### Work to complete
Retype the entries below word for word, leaving out every picture.

====================

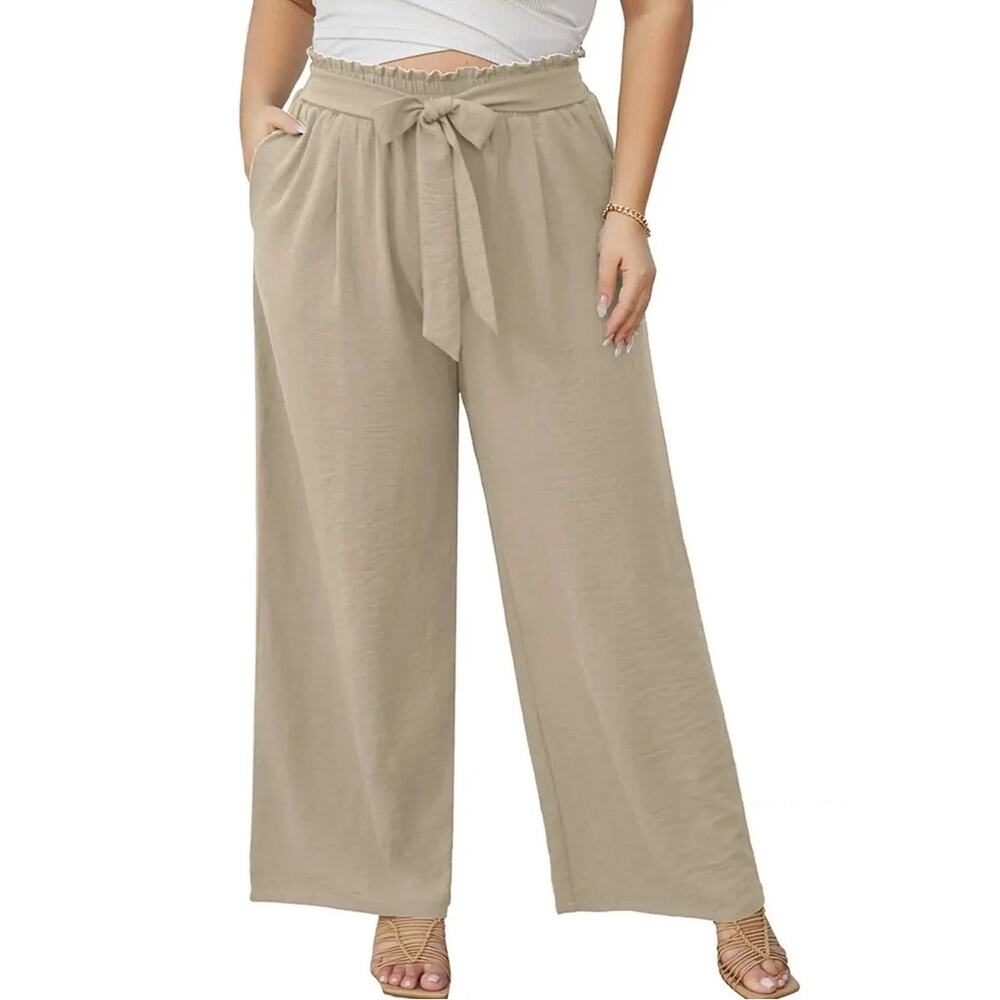 Showmall Beige Paperbag Waist Tie Wide Leg Casual Elastic Pants Women’s 3X NEW
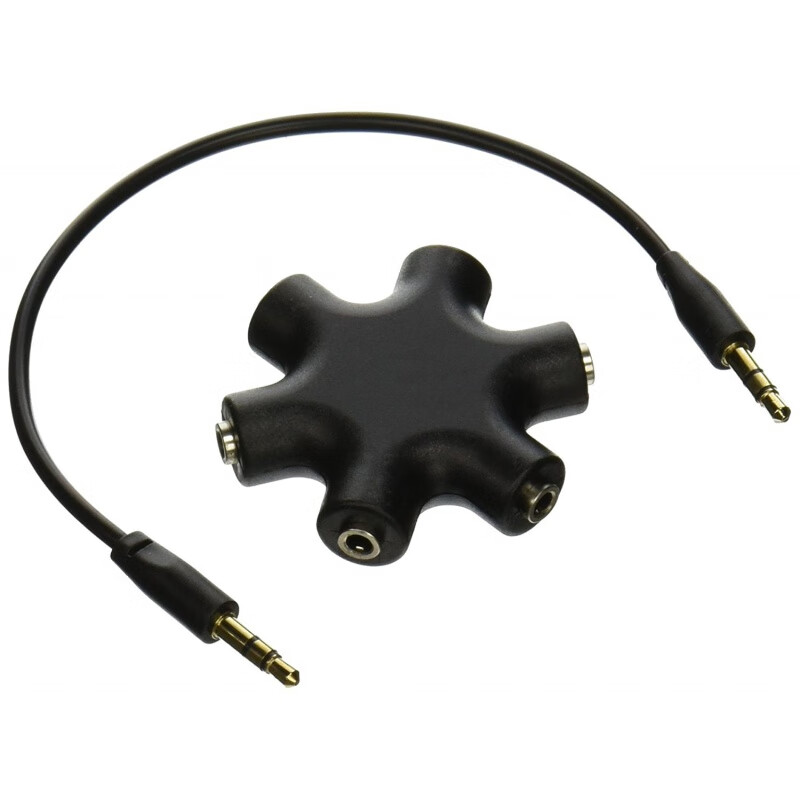 draco 适用于乐分享器3.5毫米六合一音频连接集线器 耳机多合一转换头 黑色 音频一分五头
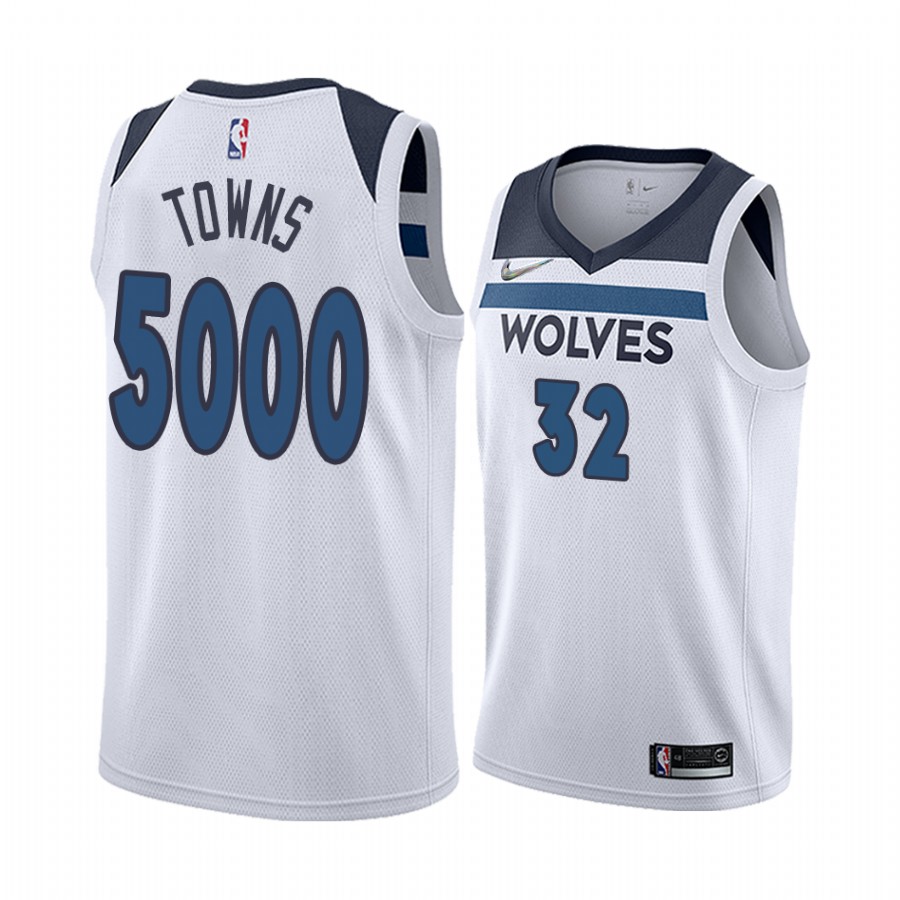 Timberwolves #32 Karl-Anthony Towns 5000 Career Rebounds Special Edition Jersey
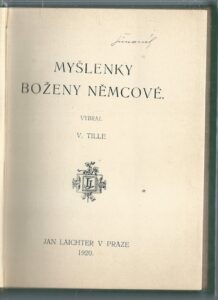 MYŠLENKY BOŽENY NĚMCOVÉ – Božena Němcová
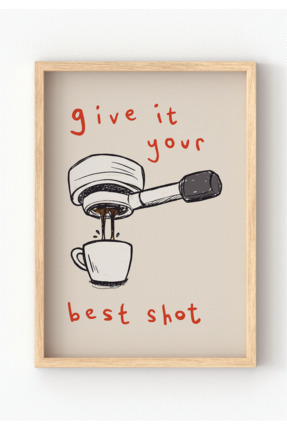 MIOVI WORKS Best Shot | Çerçeveli Modern Minimal Coffee Mutfak Duvar Dekorasy...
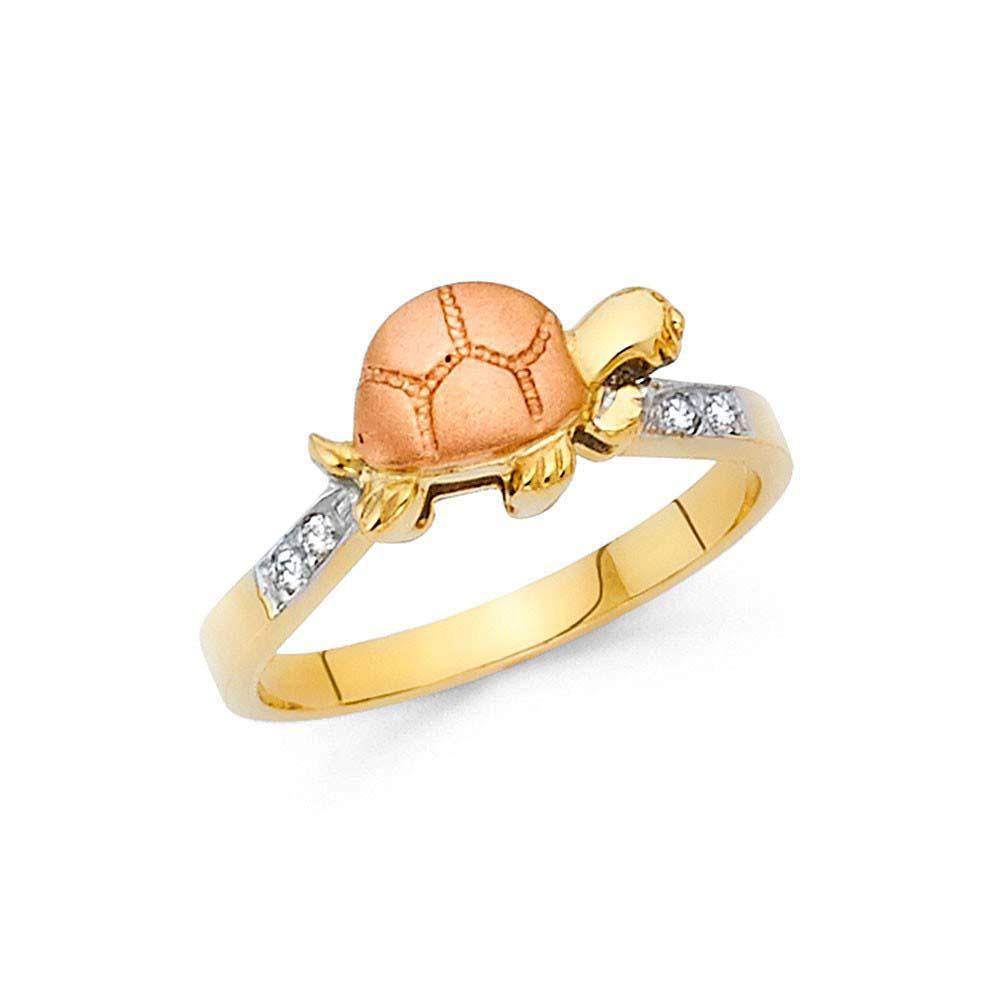 14K Tri Color 8mm Pink CZ Fancy Turtle Ring - silverdepot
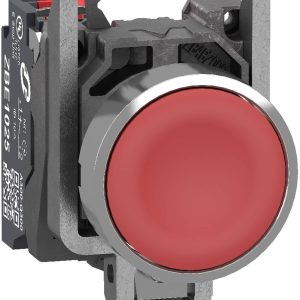 Schneider Electric XB4BA425 Bouton poussoir, Harmony XB4, métal, 22 mm, rouge, Sans inscription, palpage, 1Ö, push-in Bo Schneider Electric XB4BA425 Bouton poussoir, Harmony XB4, métal, 22 mm, rouge, Sans inscription, palpage, 1Ö, push-in Bo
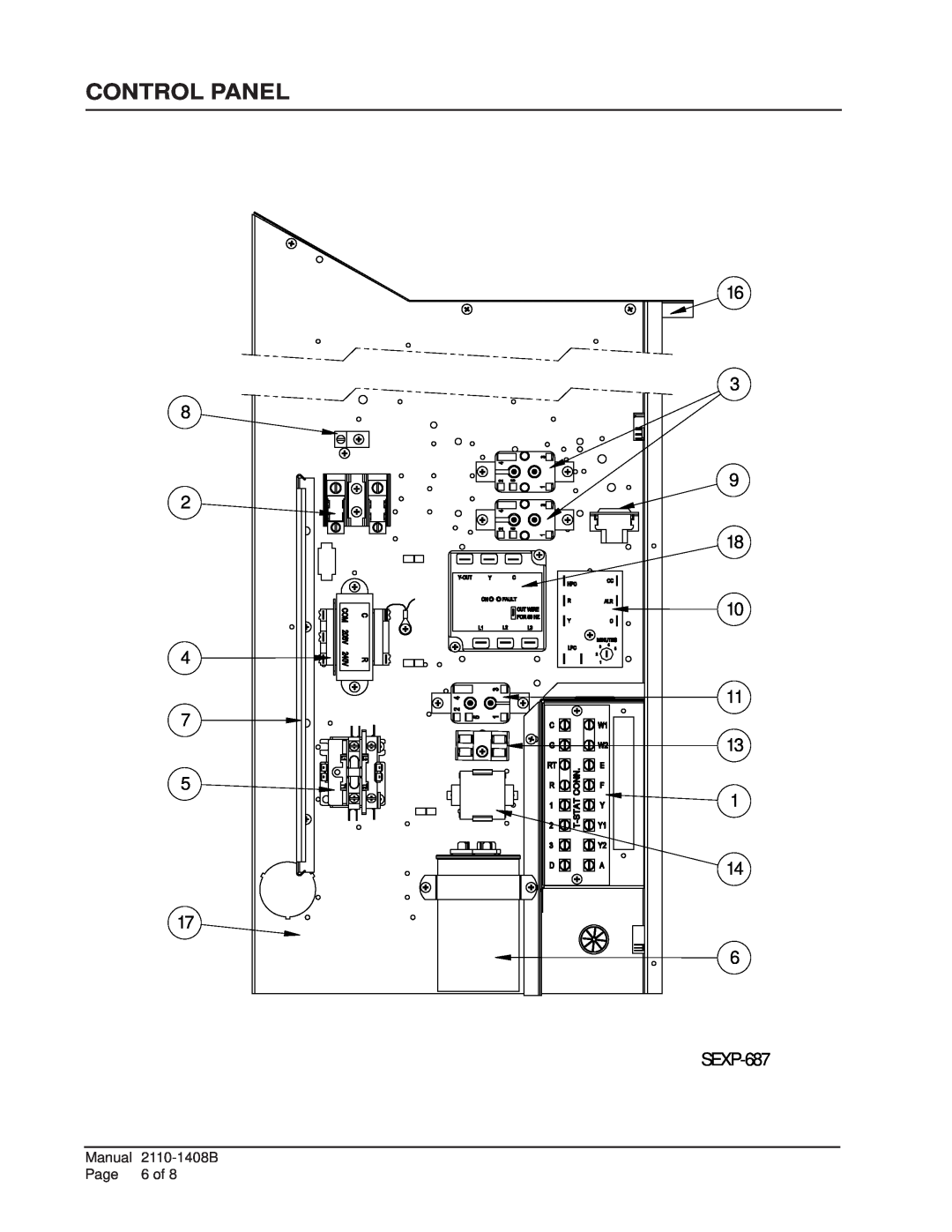 Bard W24L2, W18L2, W17L2 manual Control Panel, SEXP-687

====================

### Solution to this exercise
 Showmall Beige Paperbag Waist Tie Wide Leg Casual Elastic Pants Women’s 3X NEW
 draco 适用于乐分享器3.5毫米六合一音频连接集线器 耳机多合一转换头 黑色 音频一分五头
 Timberwolves #32 Karl-Anthony Towns 5000 Career Rebounds Special Edition Jersey
 MYŠLENKY BOŽENY NĚMCOVÉ – Božena Němcová
 MIOVI WORKS Best Shot | Çerçeveli Modern Minimal Coffee Mutfak Duvar Dekorasy...
 14K Tri Color 8mm Pink CZ Fancy Turtle Ring - silverdepot
 Schneider Electric XB4BA425 Bouton poussoir, Harmony XB4, métal, 22 mm, rouge, Sans inscription, palpage, 1Ö, push-in Bo Schneider Electric XB4BA425 Bouton poussoir, Harmony XB4, métal, 22 mm, rouge, Sans inscription, palpage, 1Ö, push-in Bo
 Bard W24L2, W18L2, W17L2 manual Control Panel, SEXP-687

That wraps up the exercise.